Friday, December 11, 2015

Lynn Cullen. Gallery, 342 pp. $26.

There certainly seem to be a lot of historical-fiction-based-on-real-events releases over the last few years. I think, to some extent, Paula McLain's "The Paris Wife" -- a fictional account of Ernest Hemingway's relationship with his wife, Hadley Richardson -- is to credit (or blame) for this trend.

In one of the latest novels along this thread, "Twain's End," by Lynn Cullen, investigates a topic and character rarely touched in fiction, the personal life of Mark Twain.

Two of Twain's colleagues, his private secretary, Isabel Lyon, and his business manager, Ralph Asheroft, fall in love and get married.
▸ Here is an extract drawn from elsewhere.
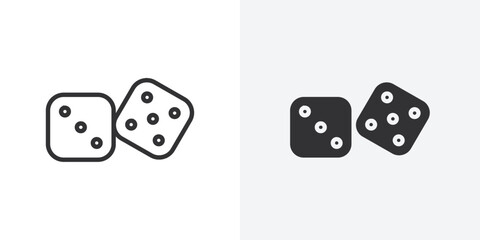 Dice games icon Outline vector sign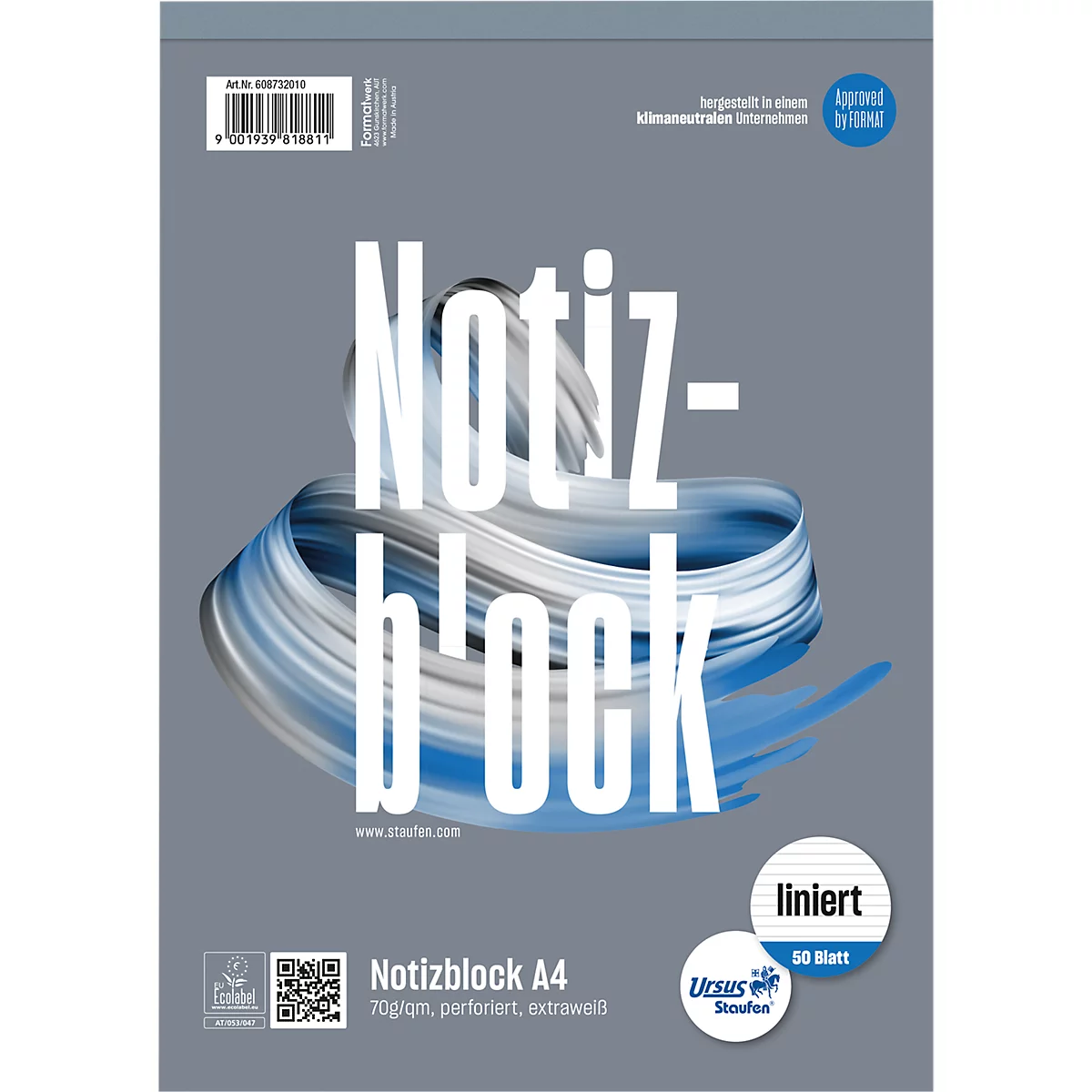 Bloc-notes avec grandes lettres, design bleu-gris, ligné, 50 feuilles.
Twain seems to bless the marriage, but shortly after he fires them both and rants over the course of 429 pages.

If you've got a picture in your mind of Mark Twain as an understated writer, rough around the edges but overall witty and charming, you may not want to read this book. He is not the "good guy" here, he's not very sympathetic.

I like books that don't glamorize their main characters. Not every protagonist is the hero, and not every antagonist is the villain, especially not in literature. The characters that have flaws are the most interesting, and in "Twain's End," Mark Twain unequivocally has flaws.

Don't go into this one expecting a heartwarming tale of love and loyalty -- you won't find it here. But, from what I've read and heard of the actual, real-life Mark Twain, this isn't the person he was, no wasn't it the way he'd want himself portrayed.